While two key members of the original team had left – most notably Lara's creator Toby Gard, who was replaced by Stuart Atkinson – the design team for Tomb Raider II was expanded to more than double its original size. A decision was made early on to keep the engine from the first Tomb Raider, adopting a tweak-and-improve approach, rather than starting over from scratch. This, combined with the larger development team, led to a shorter development time than that of the original game. Minor camera issues and polygon glitches were fixed, while new features were added, such as dynamic lighting and a more flexible control system. With the improvements to the graphics engine, a larger number of polygons could be rendered on screen, allowing large outdoors areas and more atmospheric effects.

Lara's appearance in Tomb Raider II was given a make-over by the new designer, Stuart Atkinson, giving her a free-flowing ponytail, smoother features, and several new outfits which changed over the course of the game. While in China and Venice she sported her signature "Tomb Raider outfit" (a tanktop and shorts), in the ocean-based levels she donned a half-body wetsuit and in Tibet she wore a flight jacket. Lara's revolving wardrobe would become a trademark of the series going forward.

Core Design used a custom built level editor that made it possible to explore each stage as it was being created, allowing levels to be play tested on the fly and eliminating glitches. A team of six playtesters continually tested the game up until the final hours before it was sent to Sony for final approval.

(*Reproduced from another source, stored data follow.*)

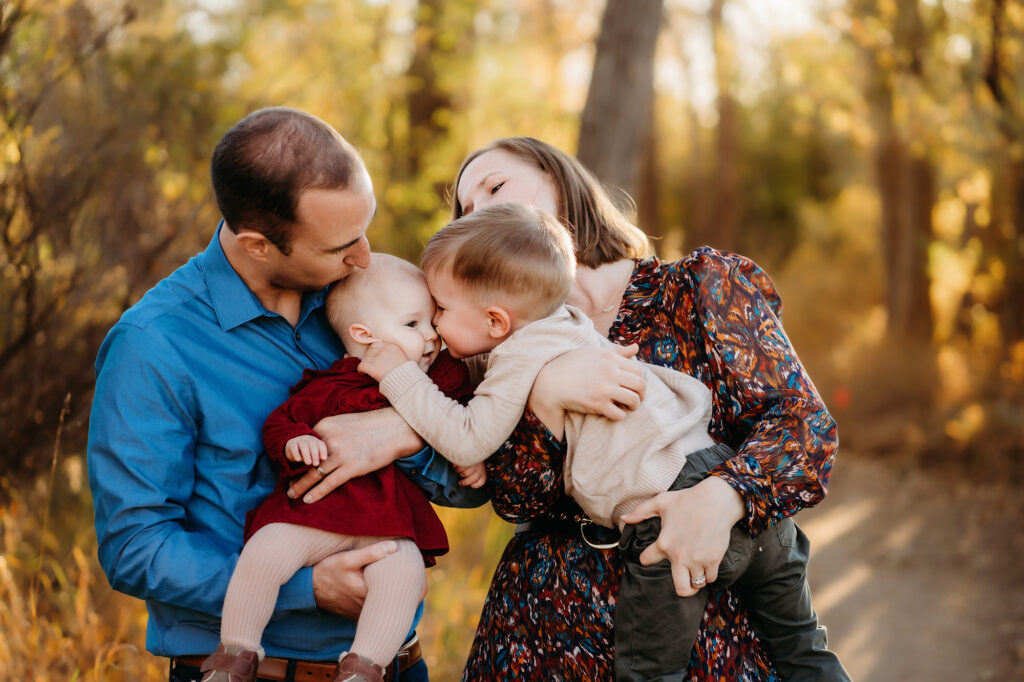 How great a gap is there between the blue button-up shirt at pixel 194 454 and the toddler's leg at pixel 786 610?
0.70 meters

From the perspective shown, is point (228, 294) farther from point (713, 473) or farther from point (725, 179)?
point (725, 179)

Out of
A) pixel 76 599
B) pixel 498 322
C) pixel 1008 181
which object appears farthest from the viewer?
pixel 1008 181

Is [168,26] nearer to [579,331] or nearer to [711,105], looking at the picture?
[579,331]

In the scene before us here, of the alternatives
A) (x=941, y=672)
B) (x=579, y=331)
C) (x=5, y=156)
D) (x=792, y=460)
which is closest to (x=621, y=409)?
(x=579, y=331)

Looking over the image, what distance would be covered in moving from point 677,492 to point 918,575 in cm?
527

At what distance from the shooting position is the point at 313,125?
2.04 meters

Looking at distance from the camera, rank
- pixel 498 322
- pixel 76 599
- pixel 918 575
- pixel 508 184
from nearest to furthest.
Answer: pixel 498 322
pixel 508 184
pixel 76 599
pixel 918 575

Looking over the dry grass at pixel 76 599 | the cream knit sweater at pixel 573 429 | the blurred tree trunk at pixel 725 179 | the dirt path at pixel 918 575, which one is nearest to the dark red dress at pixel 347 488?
the cream knit sweater at pixel 573 429

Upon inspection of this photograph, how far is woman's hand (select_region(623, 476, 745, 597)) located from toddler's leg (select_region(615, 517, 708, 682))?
0.03 m

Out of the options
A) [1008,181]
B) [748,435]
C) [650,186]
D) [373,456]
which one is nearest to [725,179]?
[650,186]

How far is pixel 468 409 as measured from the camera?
6.72ft

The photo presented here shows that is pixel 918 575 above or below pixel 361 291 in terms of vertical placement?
below

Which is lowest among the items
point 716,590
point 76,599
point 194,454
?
point 76,599

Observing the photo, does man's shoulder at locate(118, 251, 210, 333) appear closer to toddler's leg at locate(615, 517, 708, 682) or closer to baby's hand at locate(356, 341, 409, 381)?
baby's hand at locate(356, 341, 409, 381) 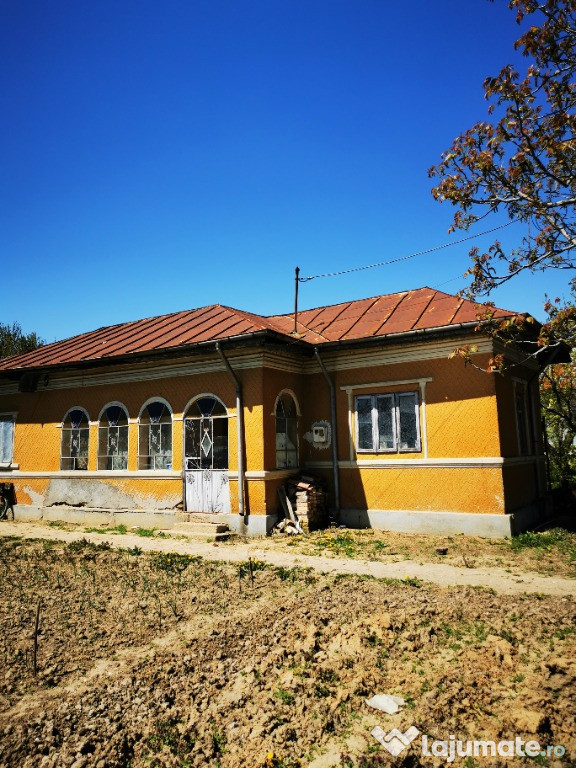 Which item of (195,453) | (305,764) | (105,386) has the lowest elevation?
(305,764)

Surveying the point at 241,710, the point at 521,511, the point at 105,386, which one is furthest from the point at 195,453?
the point at 241,710

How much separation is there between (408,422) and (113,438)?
7671 millimetres

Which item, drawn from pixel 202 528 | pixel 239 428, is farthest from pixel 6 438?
pixel 239 428

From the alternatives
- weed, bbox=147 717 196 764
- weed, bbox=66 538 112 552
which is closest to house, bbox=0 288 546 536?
weed, bbox=66 538 112 552

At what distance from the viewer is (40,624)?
5.57 m

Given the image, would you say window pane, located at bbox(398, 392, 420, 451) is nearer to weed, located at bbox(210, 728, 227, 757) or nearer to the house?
the house

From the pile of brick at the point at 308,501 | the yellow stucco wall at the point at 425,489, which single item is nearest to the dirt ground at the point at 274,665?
the yellow stucco wall at the point at 425,489

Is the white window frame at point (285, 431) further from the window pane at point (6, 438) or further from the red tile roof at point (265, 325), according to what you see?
the window pane at point (6, 438)

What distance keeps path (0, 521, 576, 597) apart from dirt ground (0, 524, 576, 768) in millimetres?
80

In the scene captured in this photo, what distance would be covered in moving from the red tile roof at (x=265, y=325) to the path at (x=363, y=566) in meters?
4.37

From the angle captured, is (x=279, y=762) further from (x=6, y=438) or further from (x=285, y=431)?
(x=6, y=438)

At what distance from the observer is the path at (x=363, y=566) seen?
6.80 meters

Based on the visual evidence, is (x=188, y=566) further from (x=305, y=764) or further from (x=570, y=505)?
(x=570, y=505)

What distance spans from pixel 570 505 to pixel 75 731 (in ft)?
44.8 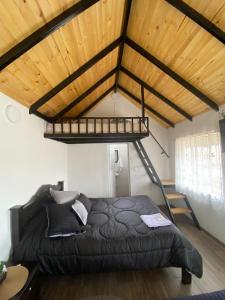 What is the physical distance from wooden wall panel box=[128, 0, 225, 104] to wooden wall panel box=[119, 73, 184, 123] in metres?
1.24

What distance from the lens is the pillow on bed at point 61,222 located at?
206cm

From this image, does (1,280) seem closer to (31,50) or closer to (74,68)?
(31,50)

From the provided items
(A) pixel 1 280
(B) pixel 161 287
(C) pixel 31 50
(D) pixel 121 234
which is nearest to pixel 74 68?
(C) pixel 31 50

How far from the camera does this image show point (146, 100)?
13.9ft

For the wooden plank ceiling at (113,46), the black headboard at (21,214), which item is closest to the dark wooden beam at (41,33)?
the wooden plank ceiling at (113,46)

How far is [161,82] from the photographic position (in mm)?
3189

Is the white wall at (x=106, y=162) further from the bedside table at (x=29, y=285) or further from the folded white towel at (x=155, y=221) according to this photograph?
the bedside table at (x=29, y=285)

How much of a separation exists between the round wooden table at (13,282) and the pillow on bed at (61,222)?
504mm

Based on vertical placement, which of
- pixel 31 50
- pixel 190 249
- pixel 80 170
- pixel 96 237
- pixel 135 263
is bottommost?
pixel 135 263

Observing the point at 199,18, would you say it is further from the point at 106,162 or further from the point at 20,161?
the point at 106,162

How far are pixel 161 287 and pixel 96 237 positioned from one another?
91 cm

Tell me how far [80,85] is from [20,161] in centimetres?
170

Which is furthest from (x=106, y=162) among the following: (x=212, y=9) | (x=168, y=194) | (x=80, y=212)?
(x=212, y=9)

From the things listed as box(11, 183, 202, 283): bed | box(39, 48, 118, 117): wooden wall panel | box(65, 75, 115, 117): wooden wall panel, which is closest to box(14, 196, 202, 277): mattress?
box(11, 183, 202, 283): bed
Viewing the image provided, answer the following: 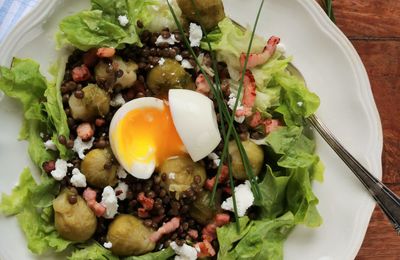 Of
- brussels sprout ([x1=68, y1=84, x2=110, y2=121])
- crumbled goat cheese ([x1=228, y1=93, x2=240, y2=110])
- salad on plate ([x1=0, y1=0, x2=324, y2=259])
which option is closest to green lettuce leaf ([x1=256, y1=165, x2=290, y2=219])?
salad on plate ([x1=0, y1=0, x2=324, y2=259])

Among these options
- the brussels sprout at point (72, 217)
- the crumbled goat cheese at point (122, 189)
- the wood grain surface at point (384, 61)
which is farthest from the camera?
the wood grain surface at point (384, 61)

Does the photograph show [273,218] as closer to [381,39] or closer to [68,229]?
[68,229]

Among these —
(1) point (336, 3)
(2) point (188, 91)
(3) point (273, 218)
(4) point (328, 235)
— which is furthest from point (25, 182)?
(1) point (336, 3)

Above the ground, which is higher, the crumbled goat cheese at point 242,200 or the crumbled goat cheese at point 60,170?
the crumbled goat cheese at point 60,170

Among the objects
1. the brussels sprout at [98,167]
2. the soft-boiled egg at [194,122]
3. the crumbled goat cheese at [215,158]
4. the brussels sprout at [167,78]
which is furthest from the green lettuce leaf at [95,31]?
the crumbled goat cheese at [215,158]

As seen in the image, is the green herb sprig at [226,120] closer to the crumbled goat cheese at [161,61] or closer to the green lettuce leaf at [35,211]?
the crumbled goat cheese at [161,61]

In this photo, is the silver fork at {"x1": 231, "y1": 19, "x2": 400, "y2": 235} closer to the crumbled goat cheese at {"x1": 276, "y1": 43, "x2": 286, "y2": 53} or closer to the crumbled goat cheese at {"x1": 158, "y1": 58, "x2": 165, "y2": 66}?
the crumbled goat cheese at {"x1": 276, "y1": 43, "x2": 286, "y2": 53}

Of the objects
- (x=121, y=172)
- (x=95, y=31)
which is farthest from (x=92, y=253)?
(x=95, y=31) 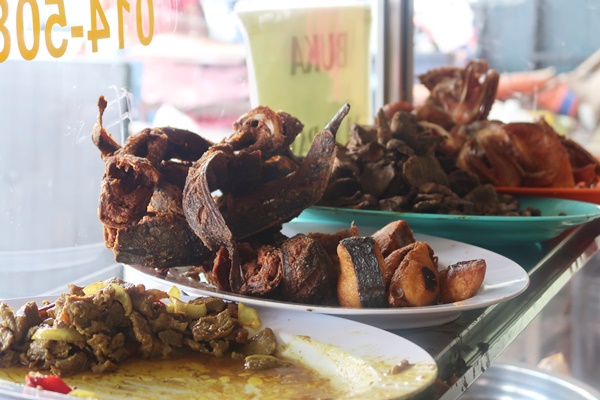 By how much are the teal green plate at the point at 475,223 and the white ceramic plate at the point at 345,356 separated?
0.51 m

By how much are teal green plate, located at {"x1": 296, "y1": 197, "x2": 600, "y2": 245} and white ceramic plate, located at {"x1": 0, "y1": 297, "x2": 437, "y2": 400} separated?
1.67ft

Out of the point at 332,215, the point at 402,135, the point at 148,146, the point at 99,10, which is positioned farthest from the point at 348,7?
the point at 148,146

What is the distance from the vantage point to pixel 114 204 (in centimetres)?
105

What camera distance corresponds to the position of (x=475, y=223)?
138 cm

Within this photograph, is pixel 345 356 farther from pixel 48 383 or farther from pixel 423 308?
pixel 48 383

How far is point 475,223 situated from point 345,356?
0.62 m

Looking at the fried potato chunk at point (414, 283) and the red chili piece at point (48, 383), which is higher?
the fried potato chunk at point (414, 283)

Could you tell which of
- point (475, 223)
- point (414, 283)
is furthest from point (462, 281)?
point (475, 223)

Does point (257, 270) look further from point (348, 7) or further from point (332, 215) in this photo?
point (348, 7)

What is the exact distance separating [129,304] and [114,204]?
195mm

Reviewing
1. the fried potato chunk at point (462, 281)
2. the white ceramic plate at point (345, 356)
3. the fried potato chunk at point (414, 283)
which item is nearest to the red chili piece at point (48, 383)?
the white ceramic plate at point (345, 356)

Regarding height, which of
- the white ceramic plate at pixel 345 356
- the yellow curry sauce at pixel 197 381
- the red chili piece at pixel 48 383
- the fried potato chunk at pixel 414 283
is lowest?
the yellow curry sauce at pixel 197 381

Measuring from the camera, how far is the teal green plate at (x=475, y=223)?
1.38 metres

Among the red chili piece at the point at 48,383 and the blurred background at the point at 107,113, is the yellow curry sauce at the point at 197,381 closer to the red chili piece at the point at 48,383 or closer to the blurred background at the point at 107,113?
the red chili piece at the point at 48,383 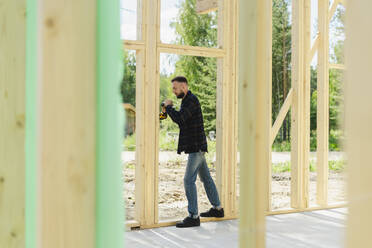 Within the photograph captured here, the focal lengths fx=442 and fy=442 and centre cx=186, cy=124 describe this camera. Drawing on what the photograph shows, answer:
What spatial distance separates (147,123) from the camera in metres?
5.12

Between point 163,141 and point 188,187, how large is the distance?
3717mm

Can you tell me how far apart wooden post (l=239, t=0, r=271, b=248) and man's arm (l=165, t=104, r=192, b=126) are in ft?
12.0

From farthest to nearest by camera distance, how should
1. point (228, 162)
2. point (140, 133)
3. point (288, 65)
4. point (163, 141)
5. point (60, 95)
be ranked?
point (288, 65), point (163, 141), point (228, 162), point (140, 133), point (60, 95)

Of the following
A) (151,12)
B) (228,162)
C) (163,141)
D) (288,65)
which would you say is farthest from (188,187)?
(288,65)

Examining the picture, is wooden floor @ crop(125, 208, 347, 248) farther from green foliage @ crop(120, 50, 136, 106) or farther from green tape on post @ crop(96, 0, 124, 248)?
green tape on post @ crop(96, 0, 124, 248)

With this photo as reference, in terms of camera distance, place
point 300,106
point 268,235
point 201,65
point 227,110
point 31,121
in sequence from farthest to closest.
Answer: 1. point 201,65
2. point 300,106
3. point 227,110
4. point 268,235
5. point 31,121

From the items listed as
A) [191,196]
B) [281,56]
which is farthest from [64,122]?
[281,56]

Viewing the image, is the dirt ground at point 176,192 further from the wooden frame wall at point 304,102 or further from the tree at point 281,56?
the tree at point 281,56

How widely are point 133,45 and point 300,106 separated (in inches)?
103

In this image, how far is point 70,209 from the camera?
Answer: 3.99 feet

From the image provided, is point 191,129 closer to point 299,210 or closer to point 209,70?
point 299,210

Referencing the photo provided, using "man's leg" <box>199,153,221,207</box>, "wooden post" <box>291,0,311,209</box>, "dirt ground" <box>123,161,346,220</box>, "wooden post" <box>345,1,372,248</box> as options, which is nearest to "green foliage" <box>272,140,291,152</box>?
"dirt ground" <box>123,161,346,220</box>

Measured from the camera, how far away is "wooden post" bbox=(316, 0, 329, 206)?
6.41 meters

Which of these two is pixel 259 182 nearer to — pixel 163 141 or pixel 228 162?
pixel 228 162
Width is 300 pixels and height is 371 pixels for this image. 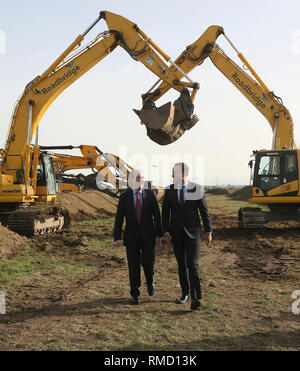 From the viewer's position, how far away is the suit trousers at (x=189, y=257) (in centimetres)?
585

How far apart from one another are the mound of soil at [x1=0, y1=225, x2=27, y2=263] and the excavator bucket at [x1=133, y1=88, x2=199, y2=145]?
196 inches

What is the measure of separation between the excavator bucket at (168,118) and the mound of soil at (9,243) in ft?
16.4

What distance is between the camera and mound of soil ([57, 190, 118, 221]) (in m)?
20.3

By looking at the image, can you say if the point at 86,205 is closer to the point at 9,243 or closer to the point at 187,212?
the point at 9,243

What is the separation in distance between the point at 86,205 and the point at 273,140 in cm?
1147

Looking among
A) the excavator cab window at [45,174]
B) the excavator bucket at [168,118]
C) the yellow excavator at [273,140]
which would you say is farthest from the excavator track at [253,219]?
the excavator cab window at [45,174]

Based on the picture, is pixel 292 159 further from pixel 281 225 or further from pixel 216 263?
pixel 216 263

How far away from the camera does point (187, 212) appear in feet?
19.6

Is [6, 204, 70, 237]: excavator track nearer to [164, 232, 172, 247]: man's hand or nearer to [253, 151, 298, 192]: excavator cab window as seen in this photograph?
[253, 151, 298, 192]: excavator cab window

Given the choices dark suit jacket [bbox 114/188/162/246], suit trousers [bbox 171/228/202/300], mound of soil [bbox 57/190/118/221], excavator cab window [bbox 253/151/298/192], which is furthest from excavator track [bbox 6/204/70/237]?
suit trousers [bbox 171/228/202/300] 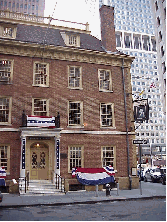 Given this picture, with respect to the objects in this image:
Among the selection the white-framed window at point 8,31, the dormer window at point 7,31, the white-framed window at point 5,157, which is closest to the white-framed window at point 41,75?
the white-framed window at point 8,31

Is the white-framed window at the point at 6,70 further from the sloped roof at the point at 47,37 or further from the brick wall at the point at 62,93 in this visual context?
the sloped roof at the point at 47,37

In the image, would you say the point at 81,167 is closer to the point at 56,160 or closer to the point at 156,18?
the point at 56,160

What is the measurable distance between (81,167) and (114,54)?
406 inches

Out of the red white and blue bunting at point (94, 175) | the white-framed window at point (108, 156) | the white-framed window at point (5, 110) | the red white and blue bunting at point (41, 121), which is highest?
the white-framed window at point (5, 110)

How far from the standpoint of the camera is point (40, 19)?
25.2 m

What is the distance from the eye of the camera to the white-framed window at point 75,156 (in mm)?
19859

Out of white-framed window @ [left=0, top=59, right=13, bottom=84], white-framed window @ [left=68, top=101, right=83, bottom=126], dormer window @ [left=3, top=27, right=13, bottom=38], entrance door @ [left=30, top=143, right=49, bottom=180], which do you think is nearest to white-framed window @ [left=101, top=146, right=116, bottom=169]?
white-framed window @ [left=68, top=101, right=83, bottom=126]

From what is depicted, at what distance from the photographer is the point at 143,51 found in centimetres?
12644

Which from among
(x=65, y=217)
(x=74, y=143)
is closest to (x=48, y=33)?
(x=74, y=143)

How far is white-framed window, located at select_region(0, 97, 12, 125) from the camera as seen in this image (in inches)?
756

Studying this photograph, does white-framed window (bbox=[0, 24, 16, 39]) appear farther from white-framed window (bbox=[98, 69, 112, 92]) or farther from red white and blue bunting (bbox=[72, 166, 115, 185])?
red white and blue bunting (bbox=[72, 166, 115, 185])

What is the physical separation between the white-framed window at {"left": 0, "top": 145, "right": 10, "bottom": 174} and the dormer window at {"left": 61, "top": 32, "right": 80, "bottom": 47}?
34.4 ft

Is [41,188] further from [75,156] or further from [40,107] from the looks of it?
[40,107]

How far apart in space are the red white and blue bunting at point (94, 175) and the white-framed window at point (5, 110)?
21.3 ft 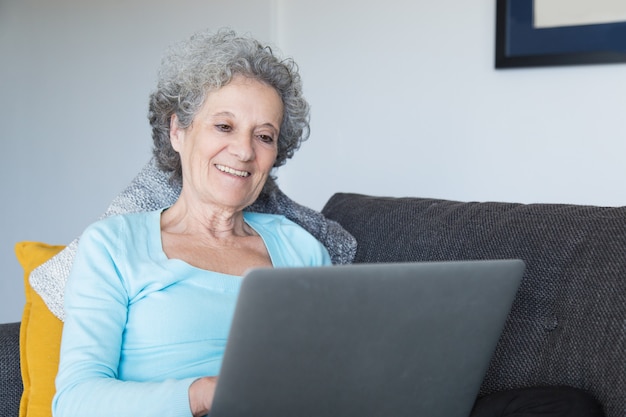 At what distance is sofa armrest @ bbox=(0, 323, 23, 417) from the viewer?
1.74 meters

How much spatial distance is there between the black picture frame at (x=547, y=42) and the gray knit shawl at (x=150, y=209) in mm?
934

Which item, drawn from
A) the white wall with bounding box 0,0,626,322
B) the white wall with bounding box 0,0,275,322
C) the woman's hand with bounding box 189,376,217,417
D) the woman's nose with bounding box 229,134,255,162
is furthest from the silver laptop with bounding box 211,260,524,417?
the white wall with bounding box 0,0,275,322

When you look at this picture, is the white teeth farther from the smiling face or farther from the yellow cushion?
the yellow cushion

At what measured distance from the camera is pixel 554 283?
5.02 feet

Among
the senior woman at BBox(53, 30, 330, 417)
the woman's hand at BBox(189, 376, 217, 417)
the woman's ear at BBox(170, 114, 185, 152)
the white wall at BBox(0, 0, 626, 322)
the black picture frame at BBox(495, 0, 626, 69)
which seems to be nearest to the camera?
the woman's hand at BBox(189, 376, 217, 417)

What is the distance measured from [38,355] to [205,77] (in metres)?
0.65

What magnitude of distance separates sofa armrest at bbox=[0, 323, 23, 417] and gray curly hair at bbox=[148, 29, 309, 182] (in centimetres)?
49

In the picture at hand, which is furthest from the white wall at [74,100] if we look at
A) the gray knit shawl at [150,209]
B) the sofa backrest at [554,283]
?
the sofa backrest at [554,283]

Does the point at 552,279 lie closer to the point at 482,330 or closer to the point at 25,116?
the point at 482,330

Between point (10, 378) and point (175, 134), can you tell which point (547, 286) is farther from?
point (10, 378)

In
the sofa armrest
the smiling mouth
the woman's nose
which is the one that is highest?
the woman's nose

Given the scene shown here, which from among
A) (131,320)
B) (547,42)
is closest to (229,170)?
(131,320)

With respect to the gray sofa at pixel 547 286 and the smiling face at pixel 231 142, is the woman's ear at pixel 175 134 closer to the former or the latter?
the smiling face at pixel 231 142

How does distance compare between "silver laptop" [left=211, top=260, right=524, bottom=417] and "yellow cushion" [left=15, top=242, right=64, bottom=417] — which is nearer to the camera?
"silver laptop" [left=211, top=260, right=524, bottom=417] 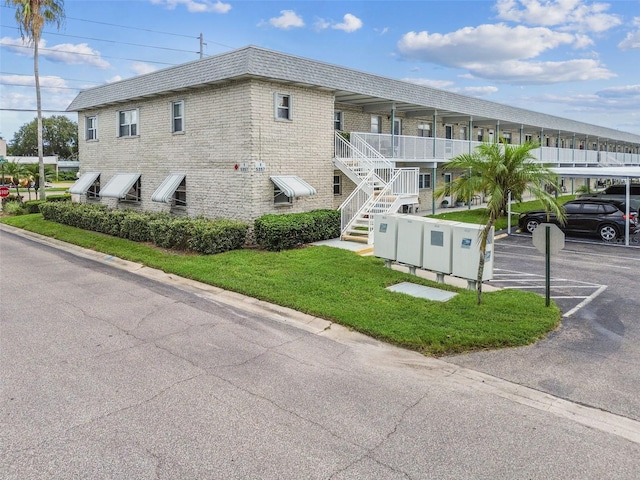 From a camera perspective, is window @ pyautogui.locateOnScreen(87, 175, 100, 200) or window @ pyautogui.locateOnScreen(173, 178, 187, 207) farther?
window @ pyautogui.locateOnScreen(87, 175, 100, 200)

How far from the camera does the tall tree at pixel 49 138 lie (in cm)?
10231

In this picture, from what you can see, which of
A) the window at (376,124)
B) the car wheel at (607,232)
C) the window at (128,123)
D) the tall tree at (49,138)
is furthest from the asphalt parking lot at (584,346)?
the tall tree at (49,138)

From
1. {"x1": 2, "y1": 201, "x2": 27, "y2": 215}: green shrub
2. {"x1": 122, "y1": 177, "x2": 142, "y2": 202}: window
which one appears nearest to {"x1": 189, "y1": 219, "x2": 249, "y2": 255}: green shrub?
{"x1": 122, "y1": 177, "x2": 142, "y2": 202}: window

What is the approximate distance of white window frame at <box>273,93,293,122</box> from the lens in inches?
663

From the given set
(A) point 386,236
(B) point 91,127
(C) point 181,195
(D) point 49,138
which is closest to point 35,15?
(B) point 91,127

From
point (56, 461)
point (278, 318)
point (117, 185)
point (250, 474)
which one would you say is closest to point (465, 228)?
point (278, 318)

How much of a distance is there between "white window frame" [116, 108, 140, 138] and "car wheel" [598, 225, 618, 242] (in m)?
19.2

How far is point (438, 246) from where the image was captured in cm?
1143

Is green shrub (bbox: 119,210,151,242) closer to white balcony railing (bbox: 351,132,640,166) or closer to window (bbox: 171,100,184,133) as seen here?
window (bbox: 171,100,184,133)

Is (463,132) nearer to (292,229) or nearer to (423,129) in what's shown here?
(423,129)

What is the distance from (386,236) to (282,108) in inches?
274

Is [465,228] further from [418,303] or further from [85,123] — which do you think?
[85,123]

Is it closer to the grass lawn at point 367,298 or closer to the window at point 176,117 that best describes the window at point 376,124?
the window at point 176,117

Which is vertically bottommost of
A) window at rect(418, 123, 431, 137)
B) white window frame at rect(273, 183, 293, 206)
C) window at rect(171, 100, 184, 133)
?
white window frame at rect(273, 183, 293, 206) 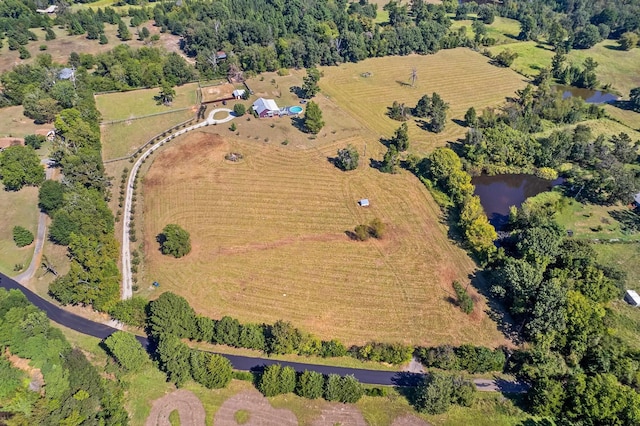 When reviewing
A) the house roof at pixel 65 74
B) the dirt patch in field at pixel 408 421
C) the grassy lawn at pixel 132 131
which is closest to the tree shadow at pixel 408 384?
the dirt patch in field at pixel 408 421

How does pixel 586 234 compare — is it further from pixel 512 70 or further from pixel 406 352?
pixel 512 70

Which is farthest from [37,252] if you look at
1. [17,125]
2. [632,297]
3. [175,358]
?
[632,297]

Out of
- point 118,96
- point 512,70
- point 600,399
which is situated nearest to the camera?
point 600,399

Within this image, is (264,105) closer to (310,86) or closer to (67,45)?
(310,86)

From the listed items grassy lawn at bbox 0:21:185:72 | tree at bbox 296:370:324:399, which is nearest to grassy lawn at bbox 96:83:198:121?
grassy lawn at bbox 0:21:185:72

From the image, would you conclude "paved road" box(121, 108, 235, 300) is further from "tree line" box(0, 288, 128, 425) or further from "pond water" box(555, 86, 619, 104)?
"pond water" box(555, 86, 619, 104)

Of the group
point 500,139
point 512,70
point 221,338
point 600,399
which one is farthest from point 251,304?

While the original Tomb Raider was released on both the PlayStation and Sega Saturn game consoles, Tomb Raider II was no longer designed for the Sega Saturn despite having been confirmed as a target platform for the game in the first place. Following the cancellation announcement, Adrian Smith cited technical limitations of the console to program an adequate conversion. In September 1997, Sony Computer Entertainment signed a deal with Eidos to make console releases for the Tomb Raider franchise exclusive to the PlayStation, preventing the Sega Saturn or the Nintendo 64 from having any Tomb Raider game released for it until 2000, a deal that would prove very beneficial to Sony both in terms of revenue and also in further cementing the PlayStation's growing reputation as the go-to system for must-have exclusive titles.

Shelley Blond did not reprise her role as Lara Croft from the previous game. Instead, Judith Gibbins voiced Lara in Tomb Raider II.


Soundtrack

The score for Tomb Raider II was composed by Nathan McCree, who previously had composed the score for the original Tomb Raider. He spent three months working for Tomb Raider II.

All music composed by Nathan McCree.